A crise do sistema capitalista de produção, a ocorrência da Primeira e Segunda Guerras Mundiais e a evidente insustentabilidade da situação a que eram submetidos os trabalhadores fez evidenciar-se uma questão social. E por mais irônico que possa parecer, o Estado passa, então, a atuar para salvar a liberdade de iniciativa que antes exigia a sua total abstenção para existir (na concepção dos liberais).

A Constituição do México de 1917 e a Constituição de Weimar de 1919 apresentam pela primeira vez a tendência de atuação do Estado no domínio econômico. Aquela condicionou o exercício da propriedade privada à observância do interesse público (artigo 27) e estabeleceu o combate ao regime de monopólios, à concentração econômica e ao açambarcamento (artigo 28); esta, dispôs sobre a organização da vida econômica e fixou limites à liberdade econômica individual (LEOPOLDINO DA FONSECA, 2005, p. 260).

Cresce, à época, uma grande tendência de dirigismo Estatal da economia, com a centralização das decisões econômicas. No Welfare State, o Estado, mesmo mantendo o regime de mercado, ingressou na economia de forma tal a tornar-se uma personagem do jogo econômico, que exercia sua influência no interesse da coletividade.

A intervenção deixa de ser uma circunstância excepcional para tornar-se um elemento fundamental do Estado.

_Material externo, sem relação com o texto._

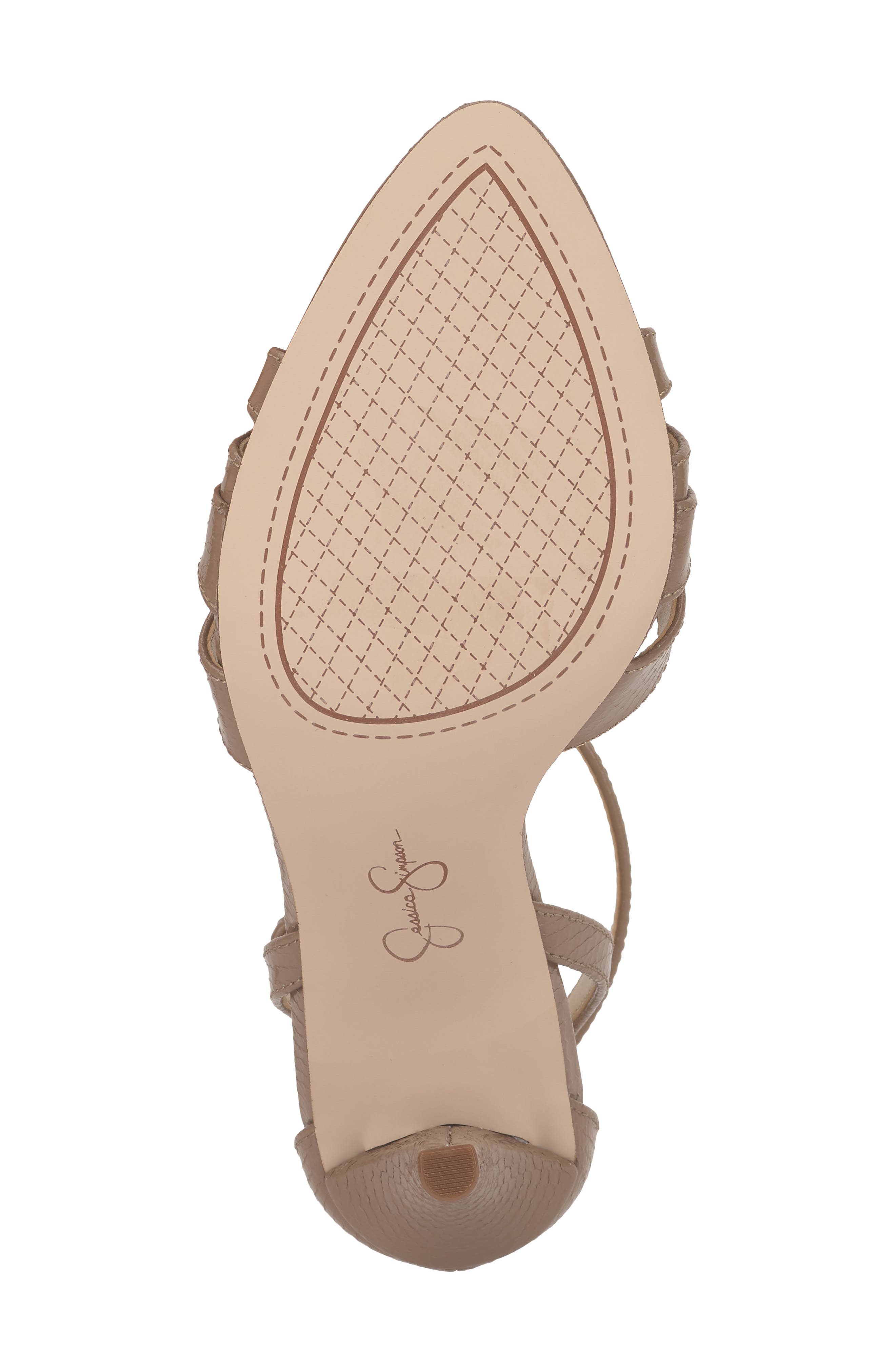 Calisa Ankle Strap Sandal, Alternate, color, CHAI LATTE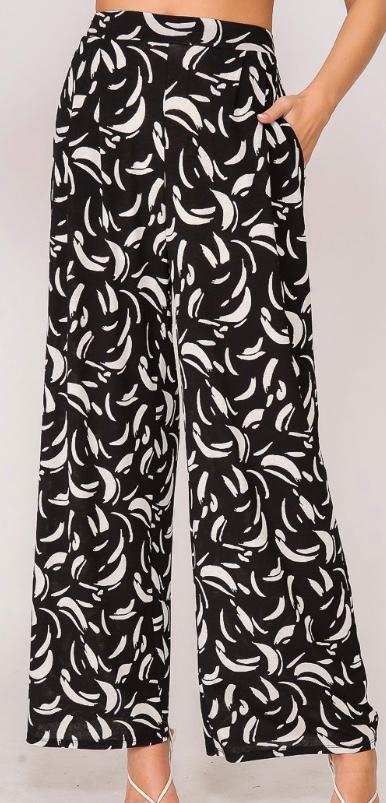 Black and Ivory pant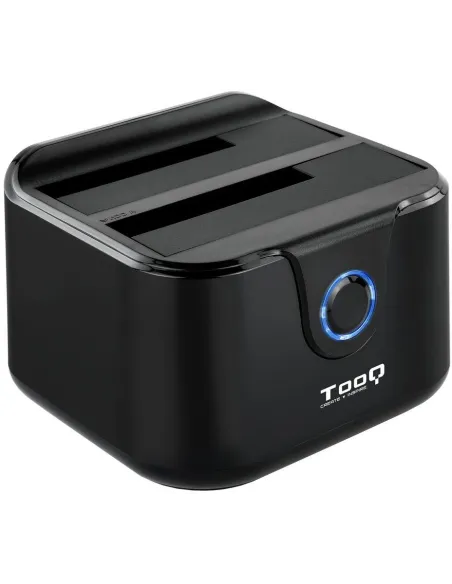 TooQ TQDS-802B Docking Station para Discos Duros de 2.5"/3.5" HDD/SSD Negra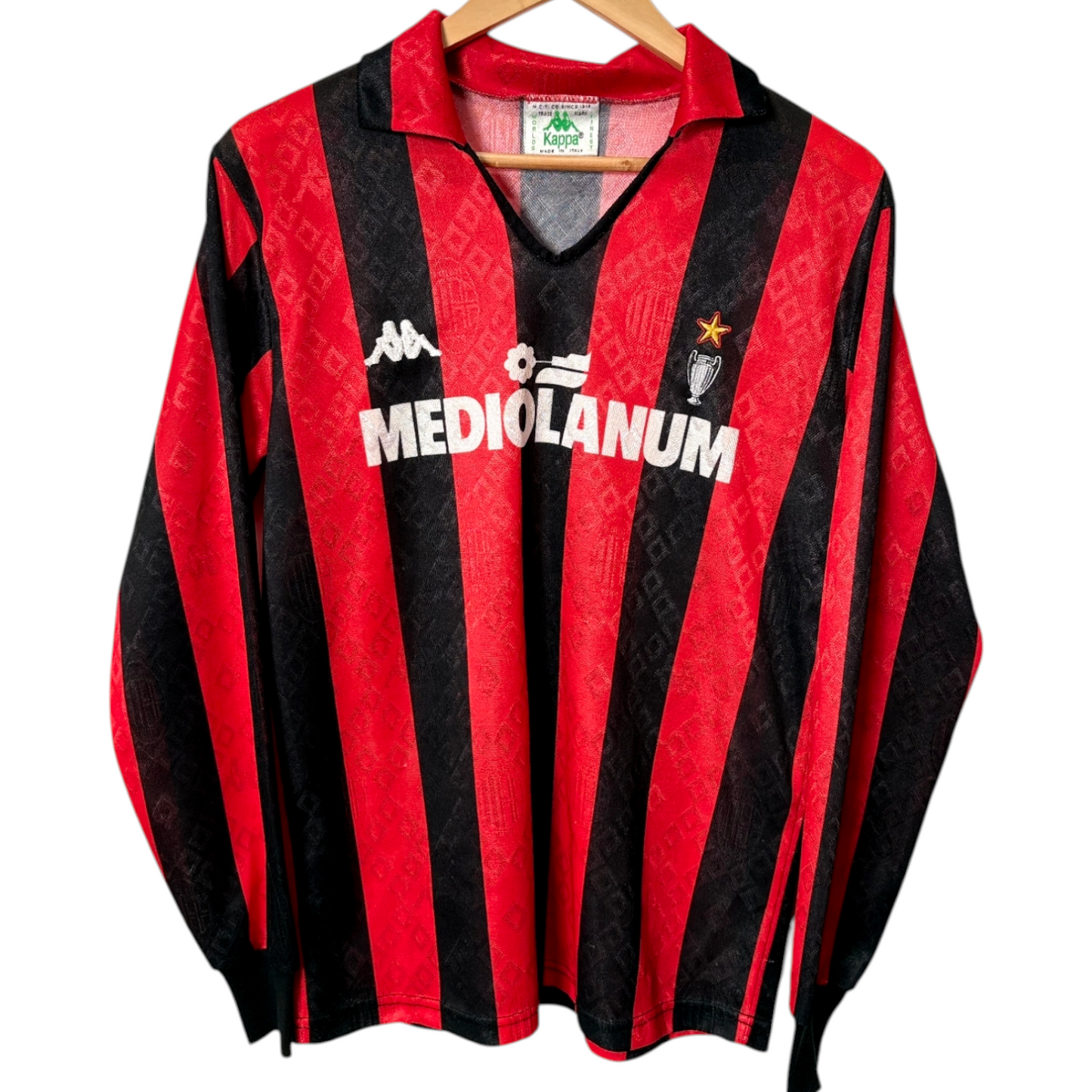 Original AC Milan 1989/90 Home - Size M (Long Sleeve)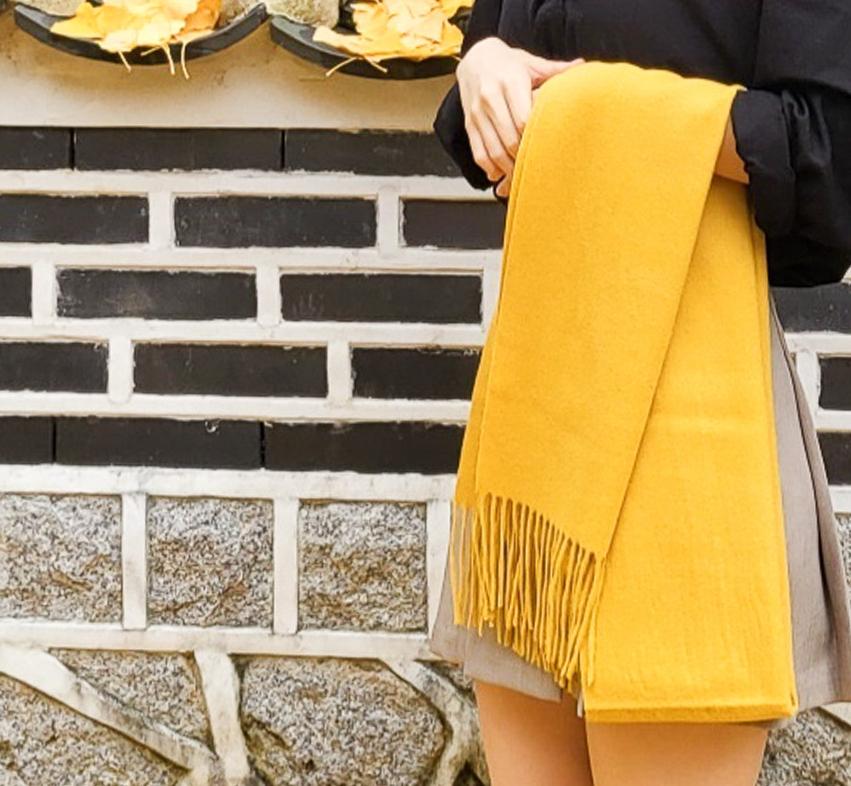 겨울 핑크 목도리 남자 캐시미어 목도리 아이보리 머플러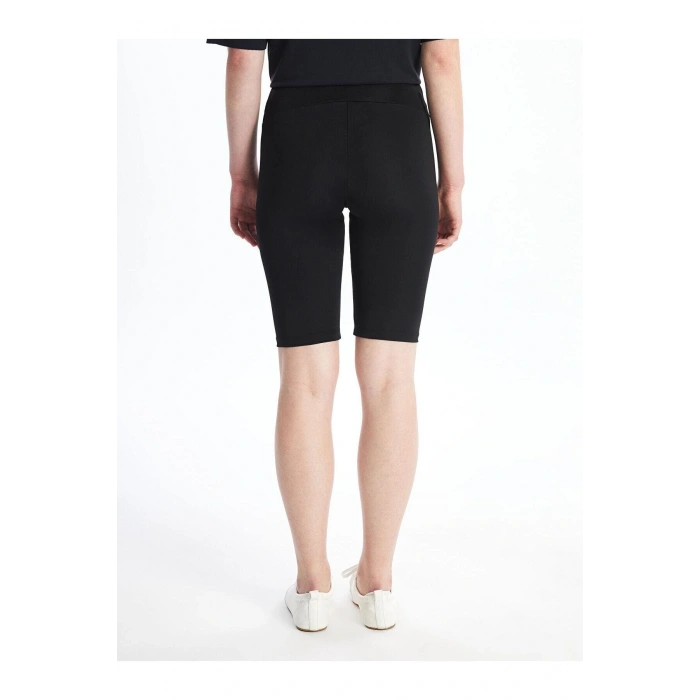 LCW Vision Kadın Beli Lastikli Düz Biker Şort Tayt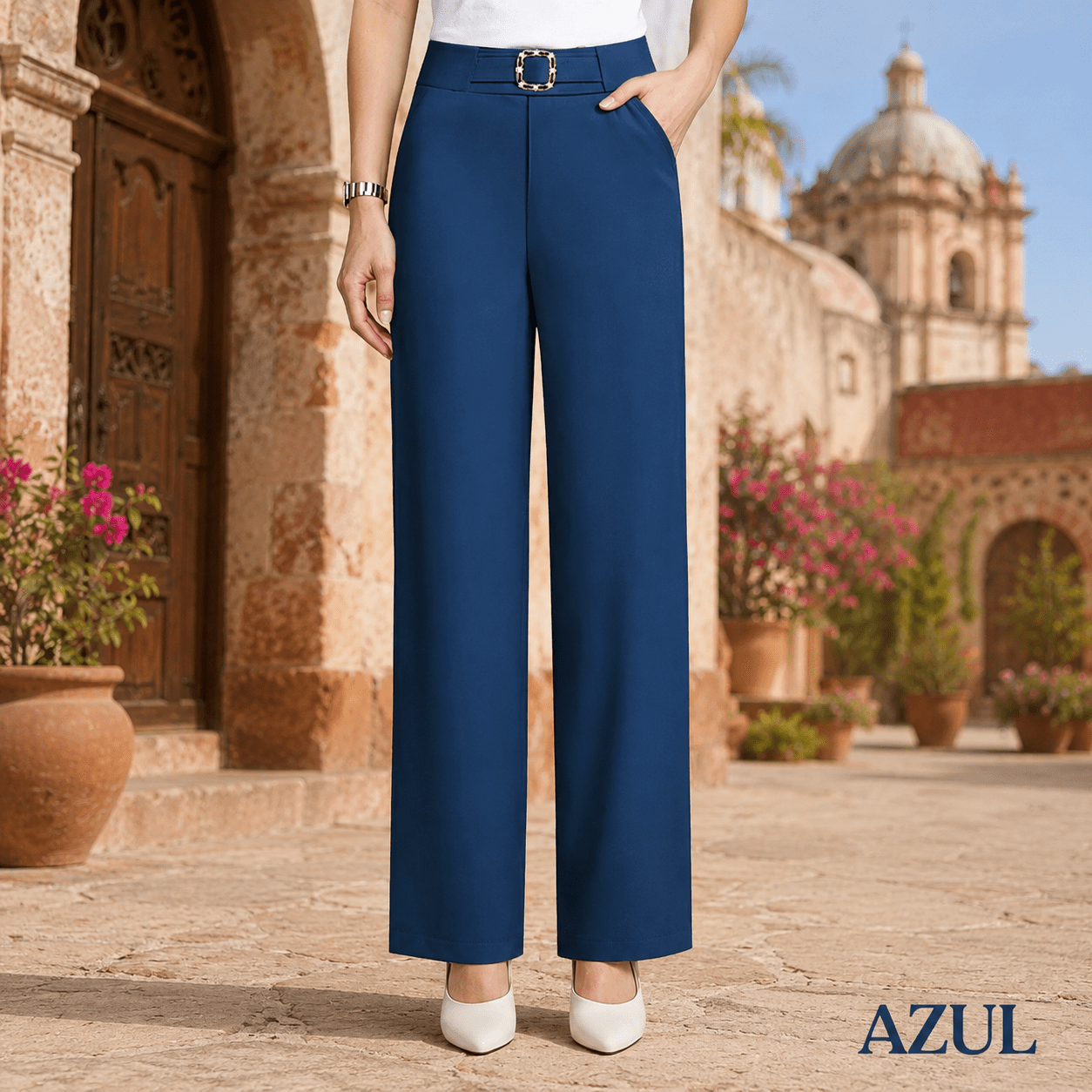 Pantalón Sora Grace™ - Talle Alto, Cintura Cómoda y Caída Elegante - vittoria stile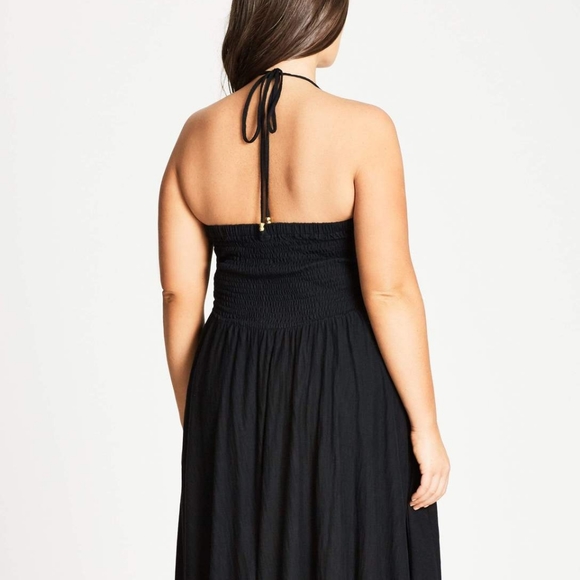 Black Maxi Halter Dress - Picture 3 of 6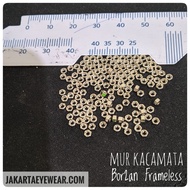 Glasses Lens Bolt Nut Frameless Rimless Bolt Nut Drill Bolt Nut Hex Nut Glasses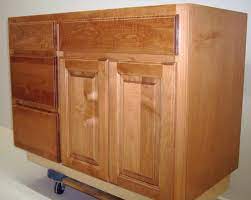 Solid Maple With Raised Panel Doors Slab Drawer Fronts Small Vanity Raised Panel Doors Bath Design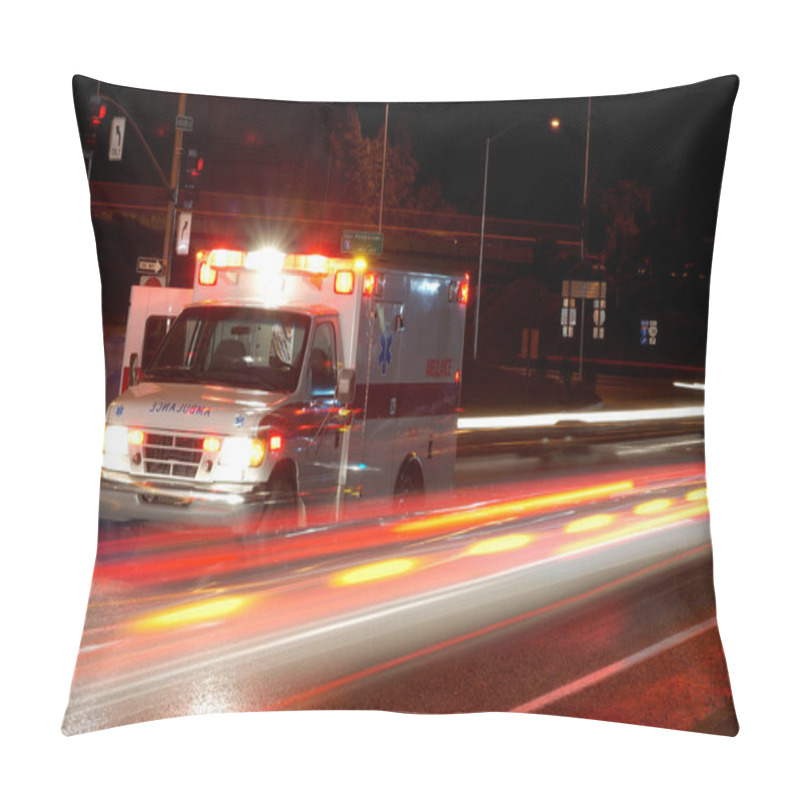 Personality  Night Ambulance Pillow Covers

A doutrina de John Maynard Keynes no ocidente, que apresentou um programa governamental do pleno emprego, foi de um impacto que passou a ser cognominada de "Revolução Keynesiana” (MONTORO FILHO, 1992, p.53).

E enquanto Keynes reabilitava o capitalismo, o socialismo era implantado em nível nacional pela primeira vez, em 1917, na União das Repúblicas Socialistas Soviética - URSS, servindo de modelo a nações como China, Vietnã e Cuba.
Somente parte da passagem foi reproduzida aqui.